> WORK ORDER: What you return must be the lines from the first one below through the one containing "Hi, I'm Dr.", exactly and with pictures excluded.

> INFORMATION SHOWN:
────────────────

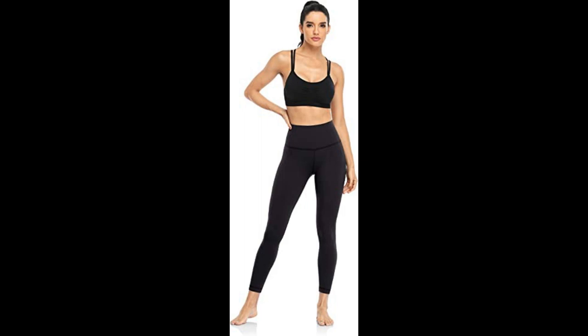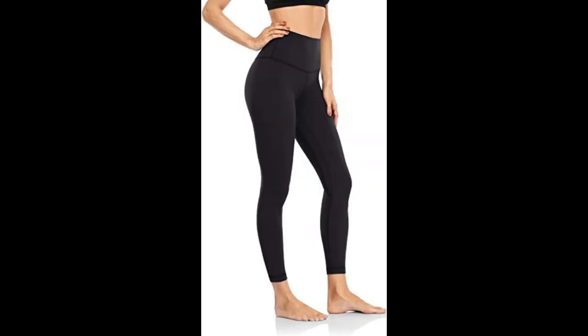Nuts Essential 7/8ths Leggings — Buttery Soft Pants, Hawthorne Athletic Yoga Pants, 25 inches. 70% Nylon, 30% Spandex. Imported, machine wash. Buttery soft hand feeling.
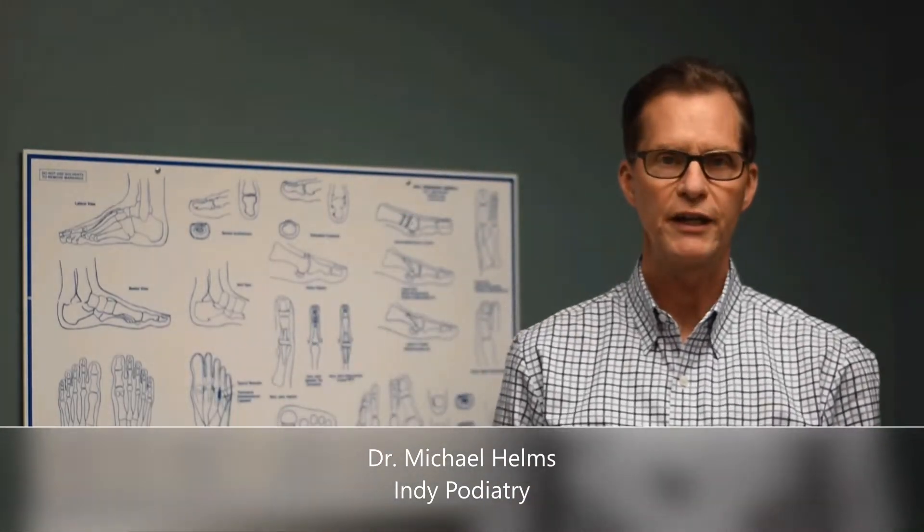Hi, I'm Dr. Michael Helms of Indy Podiatry in Central Indiana. One of the important tools that podiatrists have to help people with their foot and ankle problems is the custom orthotic device.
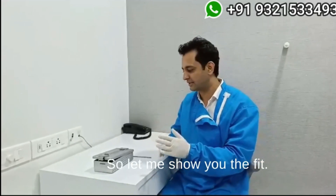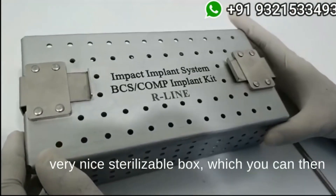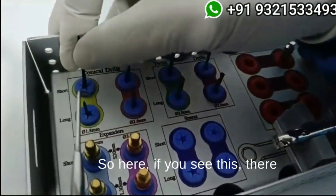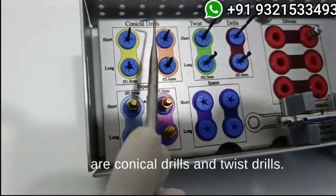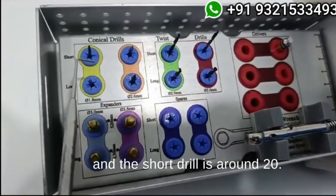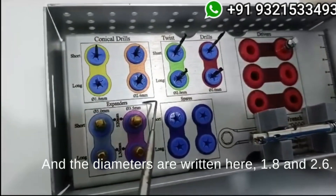Let me show you the kit — come closer please. As you see here, this is a very nice sterilizable box where you can see the arrangement of the drills. There are conical drills and twist drills. The conical drills are available in long and short. The long drill is around 30mm and the short drill is around 20mm, and the diameters written here are 1.8 and 2.6.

────────────────

> EXERCISE RESPONSE:
Nuts Essential 7/8ths Leggings — Buttery Soft Pants, Hawthorne Athletic Yoga Pants, 25 inches. 70% Nylon, 30% Spandex. Imported, machine wash. Buttery soft hand feeling.
Hi, I'm Dr. Michael Helms of Indy Podiatry in Central Indiana. One of the important tools that podiatrists have to help people with their foot and ankle problems is the custom orthotic device.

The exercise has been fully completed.